The progression of the European Union, and not least the Euro, is often referred to as the European experiment; and rightly so. The stab in the dark, beginning less than a decade after the conclusion of the second world war, was revolutionary. Now, however, the experiment is changing and, in my opinion, spilling over into markets.

 

Any single currency that is achieved by the amalgamation of many domestic currencies will always bring new challenges. However, even more so than with the Pound, discussed above, a central challenge is isolating the arena of salience to a collective currency.

 

Westminsterial politics is the traditional ground for UK political developments; a certainty that cannot be ascribed to the Euro area. In what should be a focal point for the Union’s and Eurozone’s politics, today’s Summit is still dominated by national idiosyncrasies, not least Brexit. Yesterday, a steady outlook for European monetary policy summarized the same message: growth is good, however, the average price level (inflation) remains highly illusive.
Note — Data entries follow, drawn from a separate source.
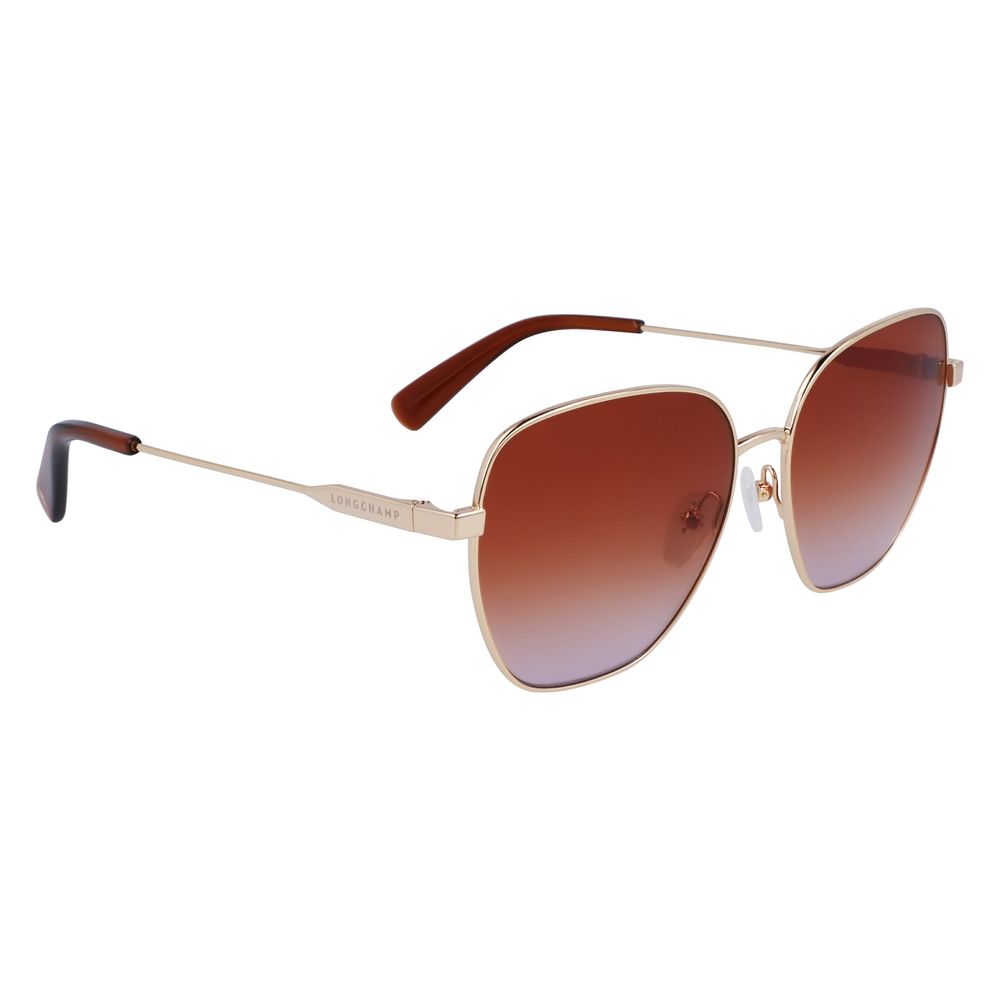 Longchamp Gold Metal Sunglasses Longchamp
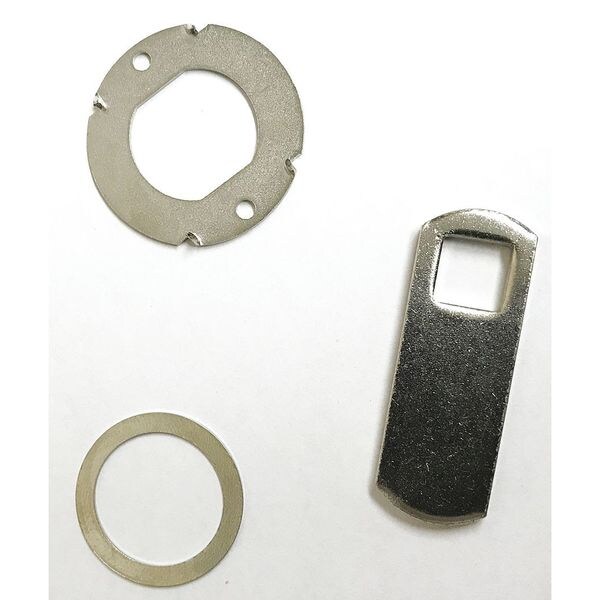 Delta Lock Disc Tumbler Keyed Cam Lock, Polished chrome, 1-1/8 For Door Thickness, 0 Number of Keys - G CR1125 W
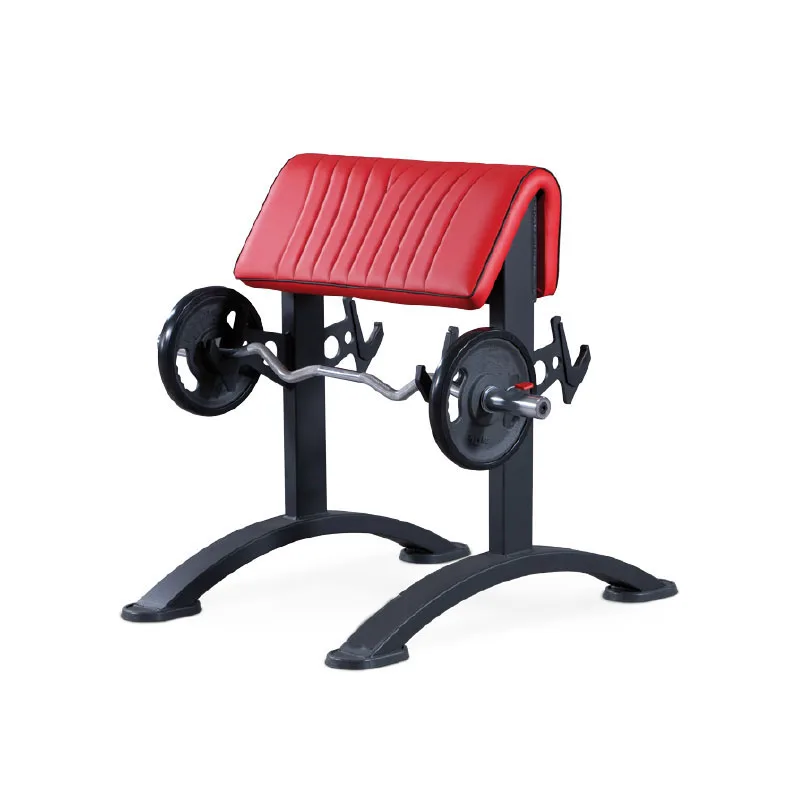 Plate Loaded Fitness Equipment Standing Preacher Curl Bench for Gym Workout Arms Curl Biceps Strength Training for Clubs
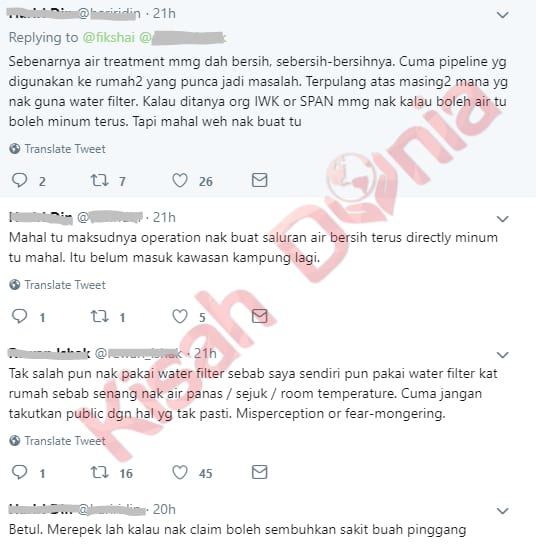 Suka Hati Overclaim, Perlekeh Air Paip – Jurujual Penapis Air ‘Dicuci’ Kaw Kaw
Without wage growth, the value of the Euro may be subdued. Yesterday’s decision saw the Euro fall 0.7% to 1.178 against the Dollar and 0.8765 vs. Sterling.

 

 

 

Dollar Briefing: Back to Tax

 

Yesterday evening, equity markets in the US closed in the red lower, reflecting concerns about the viability of Trump’s tax reform bill. This morning, the Dollar has opened mildly lower on European markets, continuing last night’s trend. Trump’s optimism for reform before Christmas may well be taken at face value by markets, creating a risk that the year-end balancing that typically favours the Dollar, and has done so far throughout December, might be undermined and even reversed.

 

 

 

Across the Globe:

 

Yesterday evening Governor of the Bank of Canada, Stephen Poloz, gave the first hint that Canada will require “less monetary stimulus over time”. This comment strengthened the Canadian Dollar by over 1%, making its purchase more expensive.